The InChI Resolver will be based on ChemSpider's existing database of over 21 million chemical compounds and will provide the first stable environment to promote the use and sharing of compound data. 'ChemSpider hosts the largest and most diverse online database of chemical structures sourced from over 150 different data sources' adds Antony Williams of ChemSpider, 'We have embraced the InChI identifier as a key component of our platform and the basis of our structure searches and integration path to a number of other resources. We have delivered a number of InChI-based web services and, with the introduction of the InChI Resolver, we hope to continue to expand the utility and value of both InChI and the ChemSpider service.'
It's encouraging to see a major scientific publisher lend its support to InChI in further evidence of the broad adoption of the identifier. And an InChI key resolver is something I've previously said might be a good idea.
Still, InChI and InChI Key represent a significant change in platform for the field of chemistry, in which CAS Registry Numbers are the gold standard for chemical identification.
If we've learned anything from the last 30 years of information technology, it's that once a platform (no matter how dysfunctional) becomes entrenched, nothing short of a game-changing strategy and herculean effort can replace it. The failure of Windows Vista offers a stark reminder of the power of an entrenched platform. Closer to home, the failure of V3000 molfiles to gain significant traction against V2000 offers another.
With these thoughts in mind, here are some questions about the new InChI Resolver service:
What problem is the service really trying to solve? Although it might be obvious to those close to the situation, it's not quite clear to me. Many, if not most, of the desktop cheminformatics packages sold today now have support for generating InChIs. It's also possible to embed InChI in text documents without using a Web service. Convenient it's not, which may be the point. But if that's the case then the focus of the service should be convenience, simplicity, and ease of use.
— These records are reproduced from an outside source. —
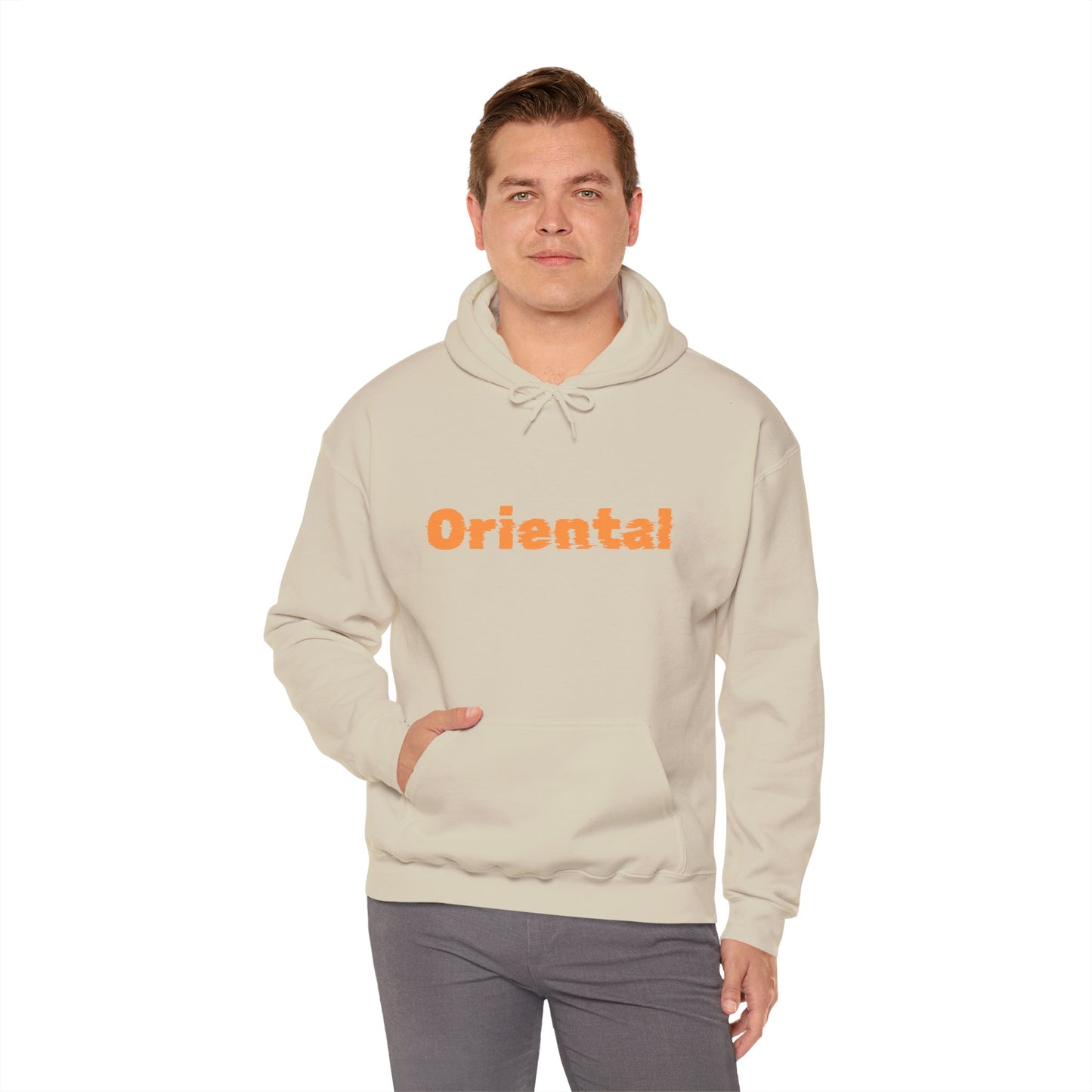 Oriental Tree Unisex Hoodie, Cozy Sweatshirt, Gift for Nature Lovers, Autumn Fashion, Casual Wear, Unique Graphic Apparel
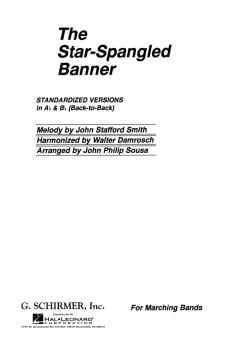 The Star Spangled Banner (Score and Parts) (HL-50348110)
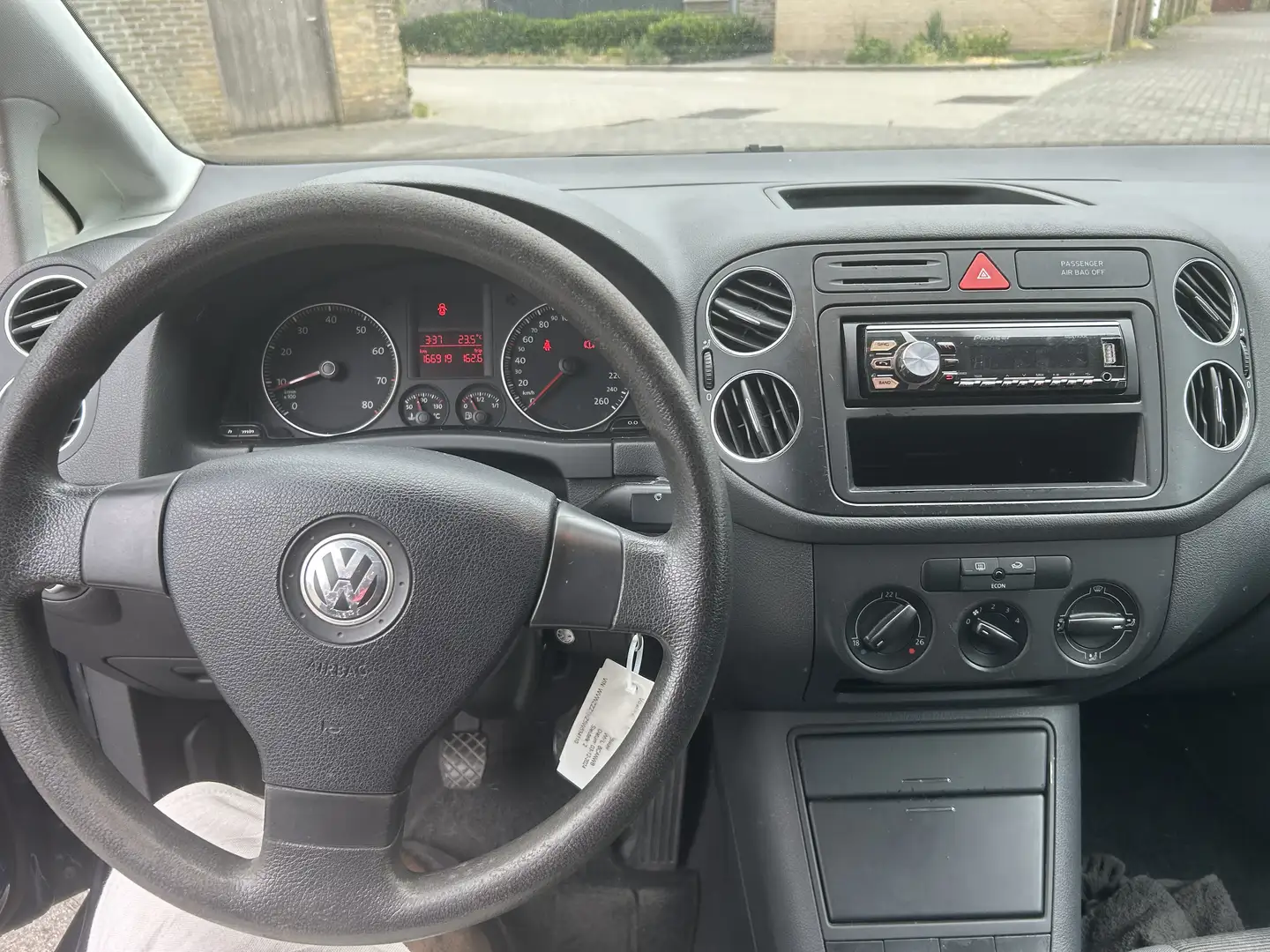 Volkswagen Golf Plus 1.6 FSI Trendline Blauw - 1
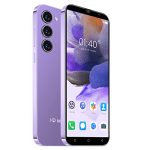 MTGud M23 5,0 inch Android 9.0, dual sim mobiele telefoon, 16 GB ROM (uitbreidbaar tot 128 GB), dubbele camera, bluetooth, GPS, wifi (S23 + paars)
How hard would it be to crack an InChI hash? Before dismissing this as impossible, consider that an InChI key is a form of encryption, and a weak one at that. Breaking encryption schemes has a long history in computer science. Given the regularity of InChI syntax, how hard would it be to create software that can computationally provide the InChI that was used to generate an InChI key? What alternative hashing method might make it easier to do so? If there is one, it would become the standard, not the one currently being used.
How will the authenticity of a hashed InChI from an untrusted source be verified? An InChI key might take the form of 'AAAAAAAAAAA-BBBBBBB-XYZ'. Given an arbitrary InChI key provided by an untrusted third party, how would you independently verify that it actually represents a valid key? In the absense of software like that described in Question 2, it would be impossible.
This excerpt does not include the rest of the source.